Tristan : C’est… c’est toute l’année une période de pointe puisque ce sont… la… le champagne est une succession de détails importants. Voilà. Et la vendange et la cueillette du raisin à maturité optimum va donner directement la qualité du champagne derrière.
PART 2
Jessica : Alors, si on commence par l’étape de la récolte du raisin. Donc déjà vous avez dit, quand on[6] est arrivés, que cette année, donc par rapport au climat, la période déjà de la vendange va se faire à… à un moment différent, le travail dans la vigne n’a pas été la même. Est-ce que vous pouvez expliquer ?

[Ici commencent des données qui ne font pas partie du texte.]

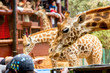 © Nikolay N. Antonov - People feeding giraffes in Giraffe Center Nairobi, Kenya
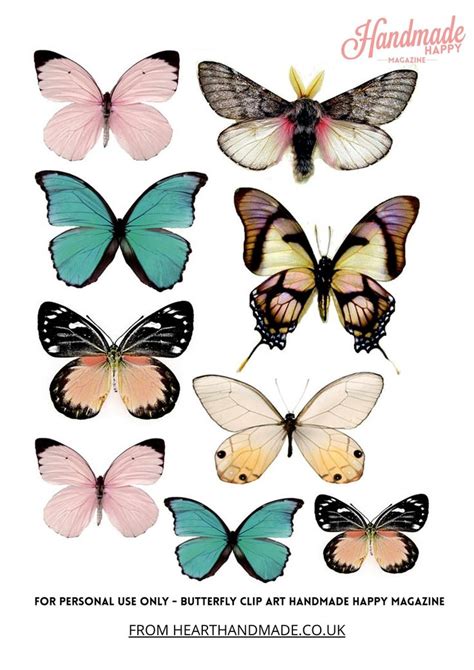 printable butterfly clipart pages   butterfly clip art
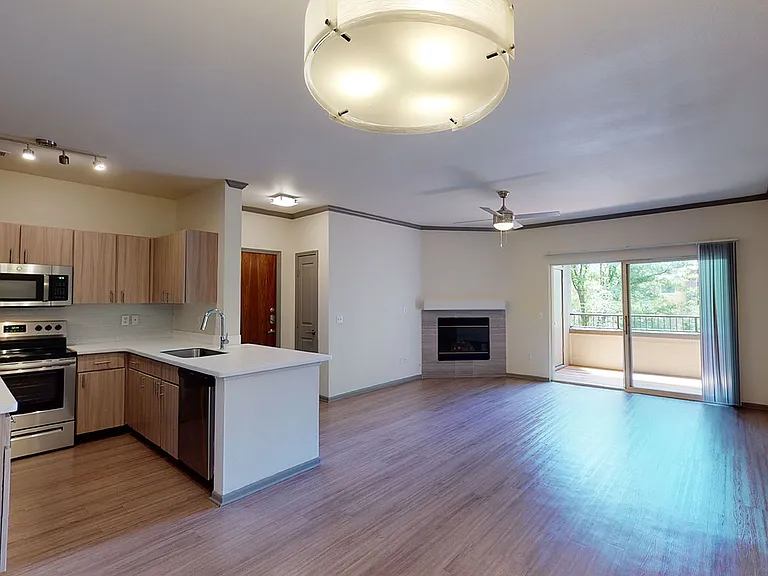 Apartment kitchen with stainless steel appliances, dining and living room with wood-style flooring, fireplace and balcony.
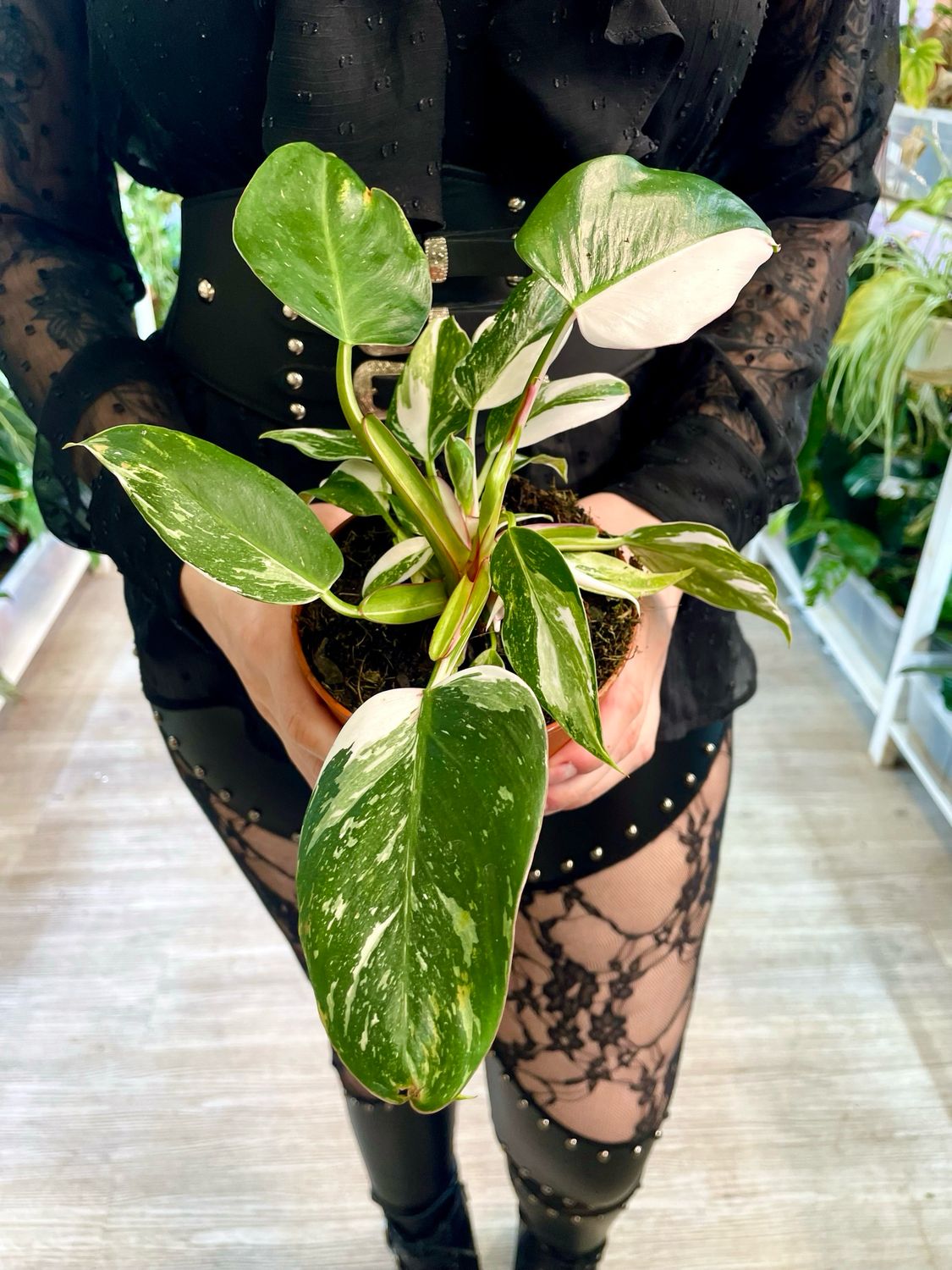 Philodendron White Princess pot 12cm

Tristan : Tout à fait. Alors, cette année, 2016, printemps très pluvieux.
Jessica : Hm hm.
Tristan : Une sortie d’hiver où on… on n’a quasiment pas eu de gelée. Donc pour la troisième année consécutive, pas de gelée d’hiver ou très très peu.
Jessica : Alors, c’est un problème ou c’est bien parce que… ?
Tristan : Alors… c’est… c’est bien parce qu’on chauffe moins les maisons mais…
Jessica : Ouais.
Tristan : C’est un problème parce que les ravageurs de la vigne se propagent à bonne température…
Jessica : Aah !
Tristan : Les températures négatives permettent de… non seulement ralentir la plante…
Jessica : Ouais.
Tristan : Donc ou la faire hiverner. Réellement.
Jessica : Ouais.
Tristan : Et elle a… elle met un temps un petit peu plus long au printemps à redémarrer.
Jessica : D’accord.
Tristan : Et toutes les… tous les insectes et tous les ravageurs, eux[7], par contre, s’il y a pas de gelée…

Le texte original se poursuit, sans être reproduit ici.